So the day finally arrived. Boris was loaded up and at 8am off we went to Falmouth Art Center
I was almost the first there – we wondered whether we’d have to paint the ladder but it was only there to adjust the lighting. The Center is impressive – large and airy and obviously quite new or at least newly renovated.
After coffee and complimentary bagels Judy and Charles arrived. Judy is obviously the organizer and keeps everyone informed as to what is going on. She shuffled us around a bit so we could all see while Charles settled himself in his chair in front of his easel.
Our model (Katrina – like the hurricane) sat in 15-20 minute chunks while Charles drew and explained what was going on. Having read his books and watched several of his videos the information wasn’t completely new but there’s nothing like actually seeing someone draw and paint who knows how to do it.
He went surprisingly slowly – this was after the first 15 minute section with just a rough outline of the head and more detail of the nose and mouth.
This was after 30 minutes – most of the time was spent on the features with the hair and shoulders put in in a couple of minutes or so.
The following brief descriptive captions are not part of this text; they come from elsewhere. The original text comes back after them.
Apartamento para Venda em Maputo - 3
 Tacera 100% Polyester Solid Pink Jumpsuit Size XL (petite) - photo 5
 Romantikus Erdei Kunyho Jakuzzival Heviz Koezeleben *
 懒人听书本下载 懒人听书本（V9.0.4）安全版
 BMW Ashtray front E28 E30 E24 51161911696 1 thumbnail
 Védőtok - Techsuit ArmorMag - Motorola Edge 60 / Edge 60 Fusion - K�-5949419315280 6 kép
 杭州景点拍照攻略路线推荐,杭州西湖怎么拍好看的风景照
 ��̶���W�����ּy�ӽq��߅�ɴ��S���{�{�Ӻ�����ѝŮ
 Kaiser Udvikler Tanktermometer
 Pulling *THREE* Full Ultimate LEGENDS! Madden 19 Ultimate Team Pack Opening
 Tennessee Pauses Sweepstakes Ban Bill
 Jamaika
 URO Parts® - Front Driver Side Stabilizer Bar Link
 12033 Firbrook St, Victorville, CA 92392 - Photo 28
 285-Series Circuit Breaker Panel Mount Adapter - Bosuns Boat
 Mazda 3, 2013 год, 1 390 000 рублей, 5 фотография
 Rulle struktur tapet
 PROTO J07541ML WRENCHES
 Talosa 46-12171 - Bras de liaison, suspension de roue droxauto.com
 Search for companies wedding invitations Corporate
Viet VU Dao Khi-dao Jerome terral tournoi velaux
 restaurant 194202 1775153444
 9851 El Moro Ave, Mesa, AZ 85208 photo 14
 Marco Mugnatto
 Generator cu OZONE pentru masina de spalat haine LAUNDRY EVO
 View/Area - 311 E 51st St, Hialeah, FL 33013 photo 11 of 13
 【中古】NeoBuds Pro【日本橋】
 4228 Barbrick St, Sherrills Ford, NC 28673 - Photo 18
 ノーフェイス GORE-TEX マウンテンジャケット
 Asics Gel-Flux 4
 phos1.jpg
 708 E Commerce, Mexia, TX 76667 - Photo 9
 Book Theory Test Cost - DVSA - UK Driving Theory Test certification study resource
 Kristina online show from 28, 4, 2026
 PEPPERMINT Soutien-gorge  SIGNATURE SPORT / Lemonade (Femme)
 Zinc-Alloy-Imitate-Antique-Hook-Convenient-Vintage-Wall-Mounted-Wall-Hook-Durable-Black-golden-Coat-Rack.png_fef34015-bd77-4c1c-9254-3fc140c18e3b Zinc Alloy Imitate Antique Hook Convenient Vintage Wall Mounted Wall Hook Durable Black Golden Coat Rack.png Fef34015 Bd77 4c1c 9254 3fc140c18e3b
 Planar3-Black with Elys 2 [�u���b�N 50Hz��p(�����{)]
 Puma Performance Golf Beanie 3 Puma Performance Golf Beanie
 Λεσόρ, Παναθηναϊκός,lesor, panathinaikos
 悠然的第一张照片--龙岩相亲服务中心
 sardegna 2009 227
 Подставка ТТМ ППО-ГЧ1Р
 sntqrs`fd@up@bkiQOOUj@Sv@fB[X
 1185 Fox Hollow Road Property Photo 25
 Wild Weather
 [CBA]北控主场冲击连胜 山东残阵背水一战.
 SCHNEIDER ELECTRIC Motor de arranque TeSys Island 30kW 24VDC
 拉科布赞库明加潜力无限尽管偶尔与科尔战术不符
Looking closely at the drawing there are surprisingly few lines. He strongly urges us not to ‘sketch’ with multiple feathery strokes but put down decisive lines. Even so the sparseness of the drawing was surprising.
The time went incredibly quickly. I thought only 5 minutes had gone by when the buzzer for the first 15 was up. Amazing how absorbing watching someone else draw is 🙂
Finally onto the painting. After saying that he usually doesn’t do an underwash he proceeded to do just that. I can’t remember the rationale but it doesn’t really matter. He used cadmium red, raw sienna and cerulean blue and a fairly large number 14 brush to put some warmth into the face and some color into the hair and sweater. With these washes he didn’t keep to the outline but pushed the washes into the surrounding areas.
After another break and when the wash was dry it was straight into painting the features. He said he usually starts painting at the same place he starts drawing. In this case it was the nose and mouth but in other cases it could be the eyes. He was careful to stress that there was very little water in his mixes and it was interesting to see how he got value changes.
He started by putting in the cast shadow under the nose in a dark mix of cad red, cerulean and raw sienna. He then took a slightly damp brush and pulled the paint out into the other areas of the nose and face. This enables him to get unified color but also a good range of light to dark.
He paints as he draws – extremely slowly and carefully. The nose and mouth stage above took another 20 minutes. As with the drawing he stressed that we shouldn’t follow the outline but leave gaps and soft edges to indicate form.
Finally the hair and the sweater was put in. This was done comparatively quickly and he made good use of his fingernails to scrape out the light regions.
Not bad huh?
Then it was our turn.
So that was day one. I enjoyed every minute of it.